SUPPLIED MATERIAL:
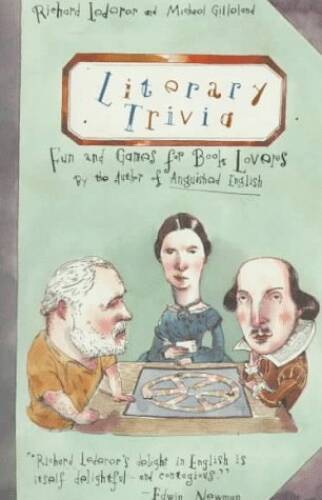Literary Trivia: Fun and Games for Book Lovers – Paperback – GOOD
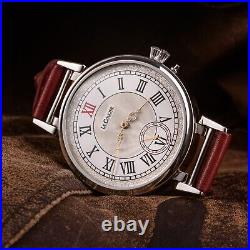 LeCoultre watch, vintage watch, swiss watch, exclusive wristwatches, custom watch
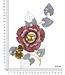 Mauro Ferretti IJZEREN WANDPANEEL LOVI CM 61,6X9,5X111,8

EXERCISE AIM: Your copy should hold exactly the lines from the line bearing "LeCoultre watch, vintage" through the end of the data, both included, and no pictures or anything further.

TASK OUTPUT:
 LeCoultre watch, vintage watch, swiss watch, exclusive wristwatches, custom watch
 Mauro Ferretti IJZEREN WANDPANEEL LOVI CM 61,6X9,5X111,8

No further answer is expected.